Title: This September Sun
Author: Bryony Rheam
Published: amaBooks (Zimbabwe) Parthian Books (UK)
Pages: 420

Ellie, a shy girl growing up in modern Zimbabwe, has a close attachment to her grandmother Evelyn. However, when Ellie is an adult living in England, she receives the news her beloved grandmother has been brutally murdered, apparently without reason.
Ellie returned to Zimbabwe where she finds some old letters and diaries chronicling the life of her grandmother as she arrives in Rhodesia as a young war widow and has a longstanding affair with a married man.

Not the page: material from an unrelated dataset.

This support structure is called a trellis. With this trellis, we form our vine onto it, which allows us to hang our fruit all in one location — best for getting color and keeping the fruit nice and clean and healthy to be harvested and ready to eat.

This September Sun is the heartwarming story of Ellie, a white girl born in Zimbabwe, the former British colony of Rhodesia, which is now an independent and a predominantly black society. Ellie is a child in the first part of the book so we learn about her family and the changes taking place in society through her eyes, and since she is too young to understand what is really going on, the author lays the groundwork for a lot of the mystery concerning the life of Ellie’s grandmother, Evelyn. Ellie’s family used to live under the same roof but an explosive argument between her grandparents lead to Evelyn moving into her own flat where Ellie visits her once a week.

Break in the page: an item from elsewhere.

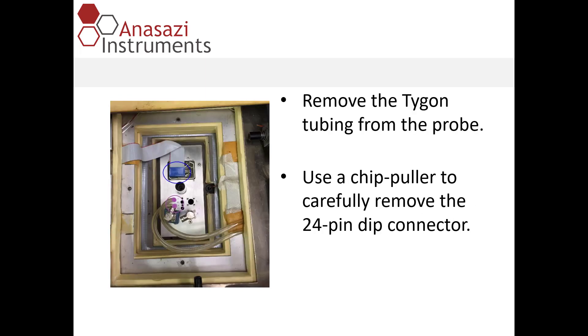Once the gray foam is removed, we'll see the 24-pin DIP connector and the Tigon tubes for spin and eject. You may want to label the two cables for spin and eject as you remove them. Once that's done, you can remove the 24-pin DIP connector.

While visiting her grandmother, Ellie meets Miles, a friend of Evelyn’s, who makes her feel uneasy although she’s not sure why but we can see that Miles is Evelyn’s lover and it is the first hint we have that Evelyn is a passionate woman with secrets. No one else in the family is aware of Miles’s existence and Ellie begins to realise she is slowly being drawn into her grandmother’s web of lies. As Ellie grows up, she continues to be close to her grandmother but doesn’t really understand some of the decisions Evelyn begins to make and she is increasingly confused by it.
While Ellie is growing up, the familial events are mirrored by what is going on in Bulawayo with the changing political climate in Zimbabwe. Although there are no specific events described, the sense of unease is very prevalent as Ellie reveals many of her classmates are leaving the country to begin new lives in South Africa, England or Australia. The sense of displacement is very evident in Ellie as she struggles to find her own identity and yearns to go to England, believing Zimbabwe is no longer where she belongs.

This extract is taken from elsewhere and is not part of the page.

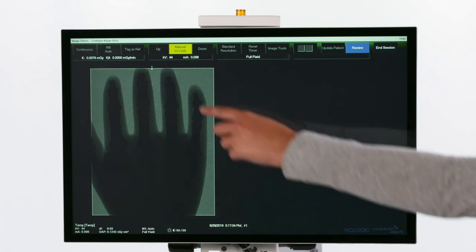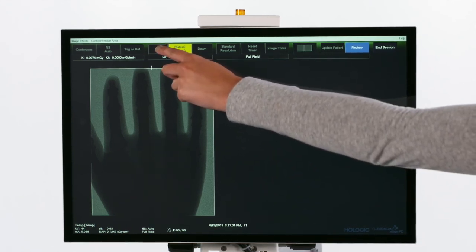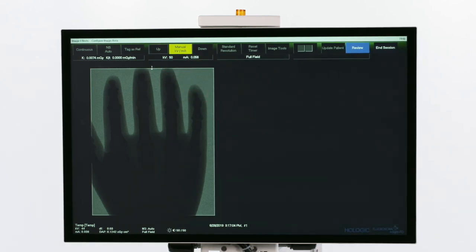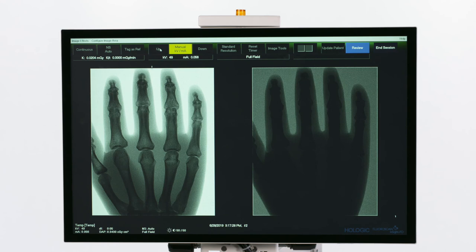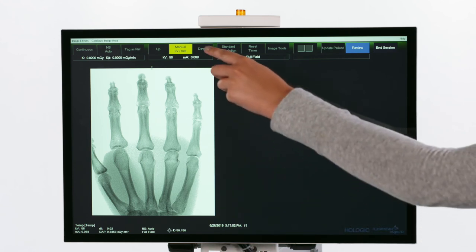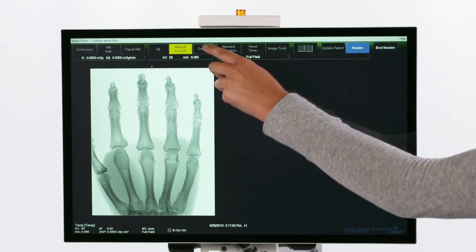If the image is too dark, increase the kilovolts and take a new image. If it is too light, decrease the kilovolts and take a new image.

When Ellie is studying in England, she continues to correspond with her grandmother and she is devastated when she receives a call in the middle of the night telling her Evelyn has been murdered. Ellie returns to Bulawayo where she finds Evelyn’s diaries chronicling her life in Zimbabwe and this is when the book really came alive for me. The impact of Evelyn’s murder on the family is interspersed with extracts in her diary which slowly reveal the answers to the mysteries raised in the first part of the book, including her grandmother’s lifelong affair with a married man. The diary extracts aren’t revealed in chronological order but jump back and forth through the decades as the story unravels but it is done in a fairly logical way so there is no confusion. When the events of Ellie’s life described in the first few chapters begin to appear, we gain a different perspective on what happened which enriches our understanding.
Reading about her grandmother’s life as a young woman is also a learning experience for Ellie as she begins to question the choices she’s made and realises she’s been deceiving herself. Once Evelyn’s story is concluded, it dawns on Ellie that she has been settling for second best and her heart really does yearn to return to Africa which has always been her home.